RICHARD: You know what else I noticed? RORY: What? RICHARD: A first edition Flaubert, mint condition, shoved behind several of my Churchill biographies.
Gustave Flaubert (1821-1880), French novelist [pictured]. Highly influential, he is considered the leading exponent of literary realism in France. He is especially famous for his debut novel, Madame Bovary (1857), previously discussed.
Richard never specifies which book he has a first edition of, but fans often assume it is Madame Bovary, since Rory likes it. A first edition of even the English translation would cost tens of thousands of dollars, making this very unlikely. However, the first edition of the English translation of Three Tales (1877), published by Chatto and Windus in 1923, can be picked up for as little as $50, and is a very handsome volume. This would be my pick for Richard’s first edition.
Sir Winston Churchill (1874-1965), British statesman who served as Prime Minister from 1940 to 1945, and then again from 1951 to 1955. He is especially famous for his inspiring wartime speeches, and is considered one of the most significant figures of the twentieth century.
Richard does not say whether he means biographies by Churchill or about him, but probably the latter, since Churchill only wrote two biographies (not several, although Richard could have multiple copies of each).
LORELAI: Oh, oh. Well, uh . . . ugh, why don’t we move Aunt Cecile? She was always so annoying at parties. She loved the knock-knock jokes. RORY: Mom! … You can’t just kick out Aunt Cecile. LORELAI: Knock-knock. Who’s there? Pineapple. Pineapple who? That’s where it ended. Never fully grasped the knock-knock concept. EMILY: She was a complete idiot. Okay, it’s decided – Cecile goes.
Aunt Cecile is one of the deceased Gilmores currently in the mausoleum, and is almost unanimously voted out to the annex as the least popular corpse, due to her habit of telling incomplete knock-knock jokes. I assume she is the sister of either Trix, or Richard’s father.
Cecile, an Anglicised French form of Cecily, was most common around the turn of the twentieth century, although it has never been very popular in the US. By the mid-twentieth century it was fairly rare.

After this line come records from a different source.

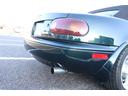 EUNOS EUNOS ROADSTER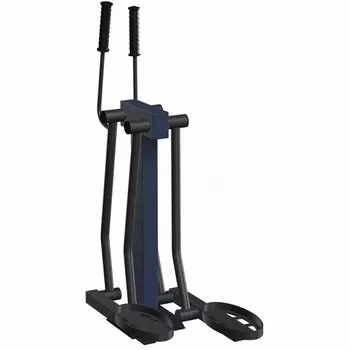 Лыжный ход детский MB Barbell МВ 7.11.1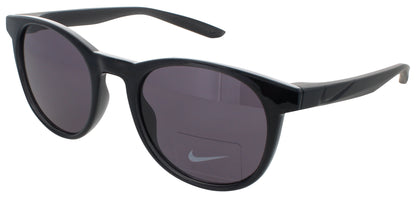 Nike Horizon Ascent Dj9920 Sunglasses by ModaFrames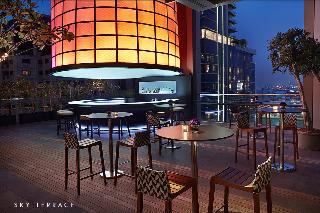 Hansar Bangkok fotoÄŸrafÄ±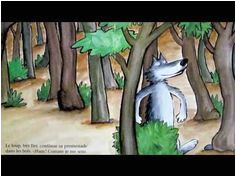 C Est Moi Le Plus fort Coloriage 22 Meilleures Images Du Tableau Lecture Gratuite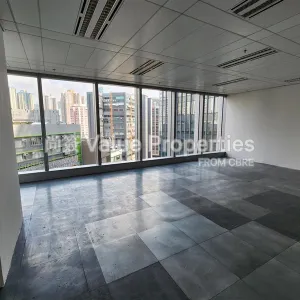 尚簽 Value Properties-properties-kowloon-commerce-centre-tower-a-4334-00f2c0db-ee7b-453f-a07c-fd11424a8a85-thumbnail-webp.webp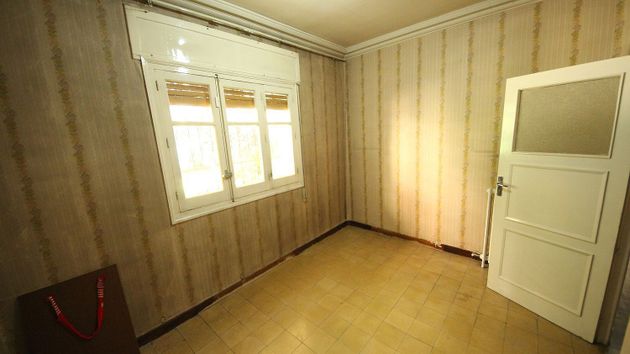 Foto 2 de Venta de piso en Concepción de 3 habitaciones con jardín y calefacción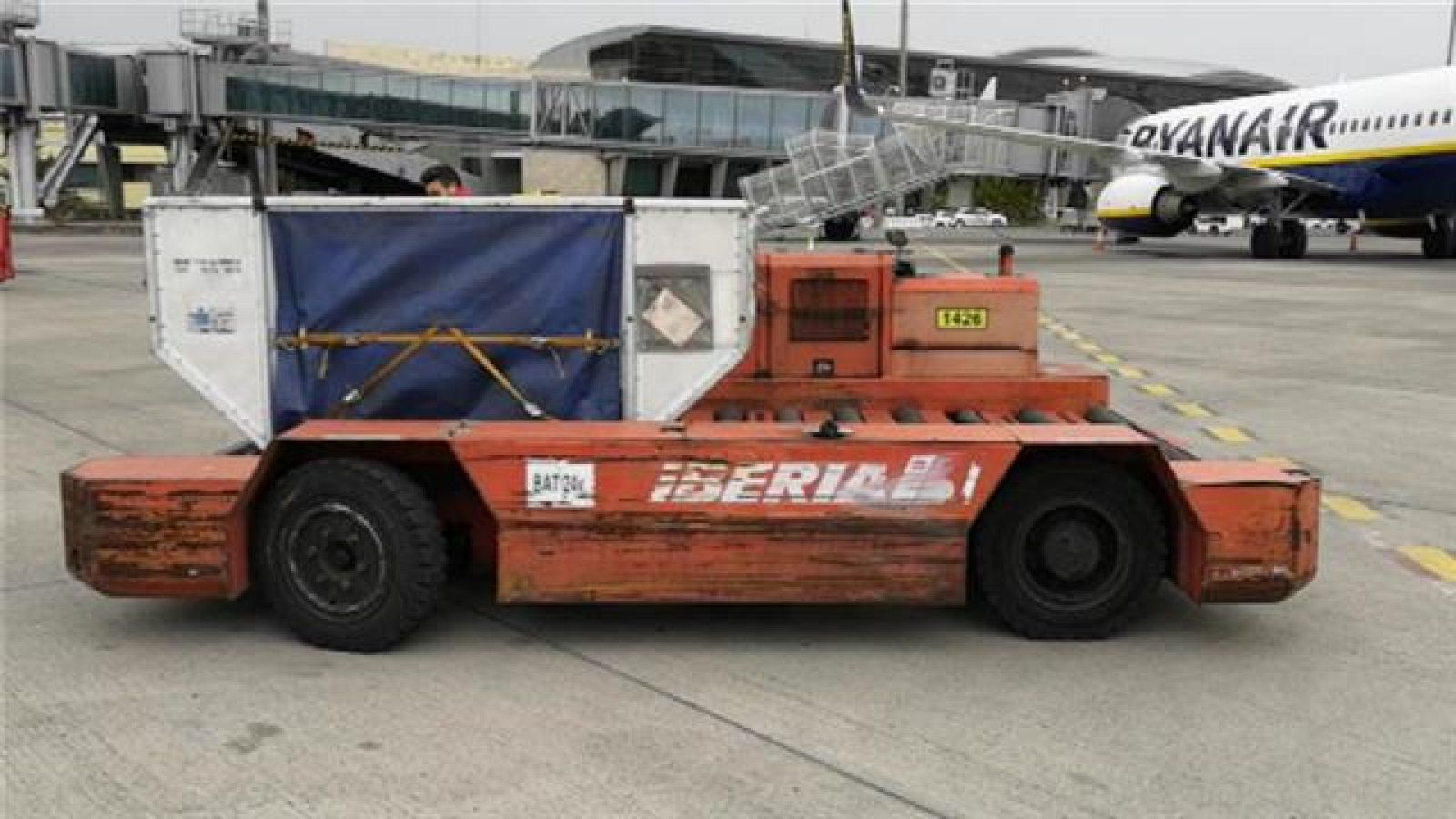 Telecanarias - 04/01/2021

Note that Emily is dressed in black, suitable for her role discussing death and burial.
EMILY: So I went inside and looked around and it occurred to me that there’s a very limited space there … Now of course there’s a slot open for me and Richard and you and Rory, but after the two of you – that’s it. No more room for anyone else.
Apparently the Gilmore family mausoleum is now almost full, and only has four spaces left. Emily is very concerned about Lorelai getting married, because there would be nowhere for her husband, but she never seems to consider that Rory could very well marry one day, and married or not, both of them are capable of having children (or further children, in Lorelai’s case). Where they are meant to go is never even discussed, and it really sounds as if the Gilmores’ mausoleum has pretty much seen its quota filled by now.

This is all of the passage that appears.